If you don’t carry cash with you, chances are you have a credit or debit card in your pocket. In that case, keep in mind that the size of a standard card (sometimes known as CR80) is:

  • 3.4 inches wide x 2.1 inches high (8.5 cm x 5.4 cm)

3. With an A4

Modern paper is defined by the ISO 216 international paper size standard. That means that wherever you go, if you buy paper that’s advertised as A4, it should be this size:

  • 210 mm × 297 mm or 8.3 inches × 11.7 inches

4. With an app

Modern smartphones either come with an app that you can use to measure things, or they allow you to download specialized apps for this purpose. For example, both Google and Apple offer a free app called Measure.
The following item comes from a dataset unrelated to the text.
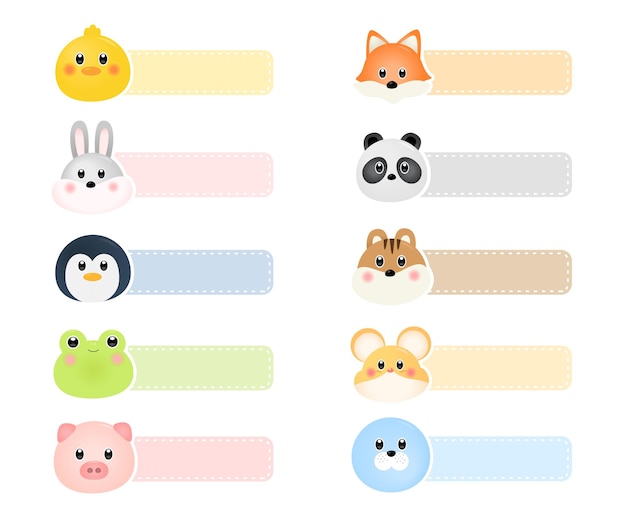 A name tag with animal pictures like the tag illustration set Vector drawing Hand drawn style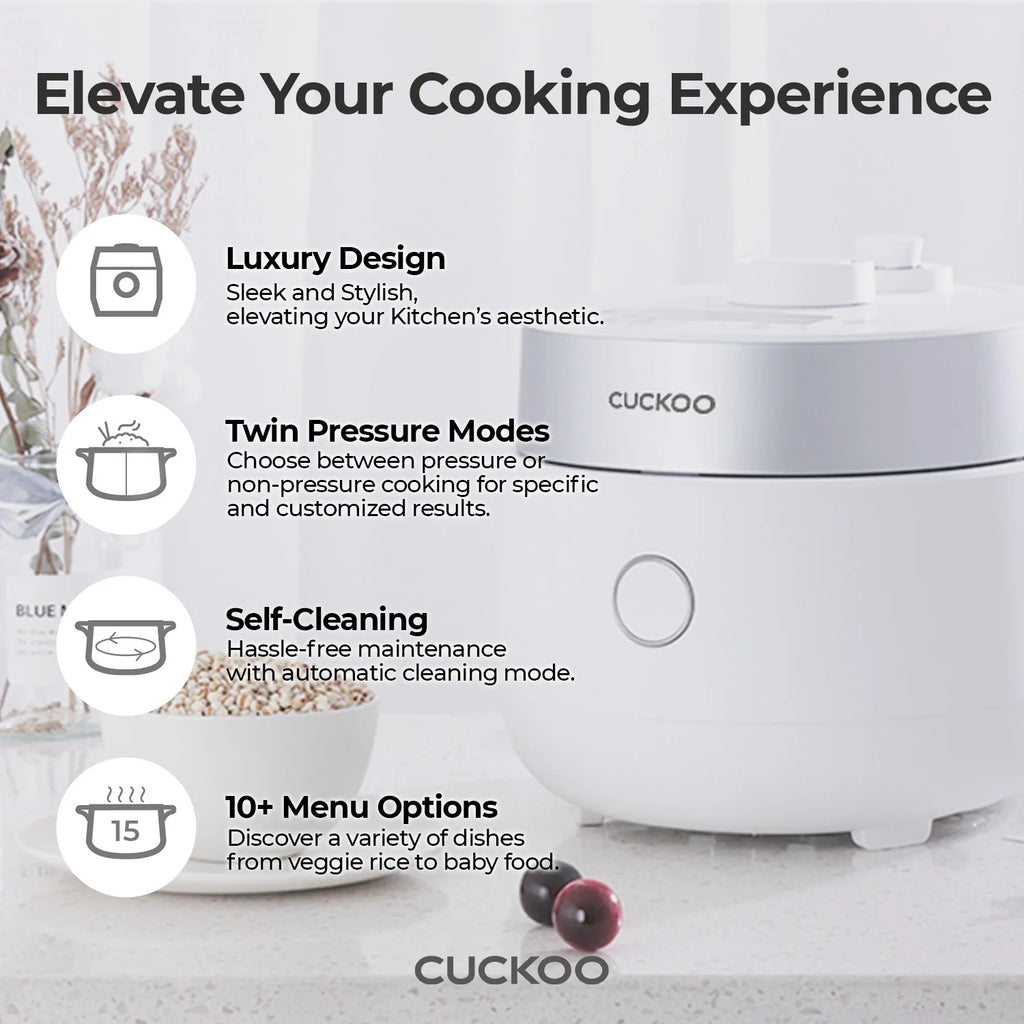 CUCKOO 3-Cup Induction Heating Twin Pressure Rice Cooker, Nonstick Pot, 15 Cooking Modes, Voice Guide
  • Measure by Apple: Follow any on-screen instructions that ask you to move your device around after opening the app. Keep moving your device until a circle with a dot in the center appears. Move your device so that the dot is over the starting point of your measurement, then tap the “Add” button. Slowly move your device until the dot is over the ending point of your measurement, then tap the “Add” button again.
  • Measure by Google: Move your phone around the space to find flat surfaces, such as a tabletop or the floor. Point and tap to start your measurement and adjust it accordingly. When finished, tap on measurements to get a quick reference to unit conversion, copy, and delete functions.

Have you managed to measure something without using the proper measuring tools? What other efficient ways do you use for approximately measuring things?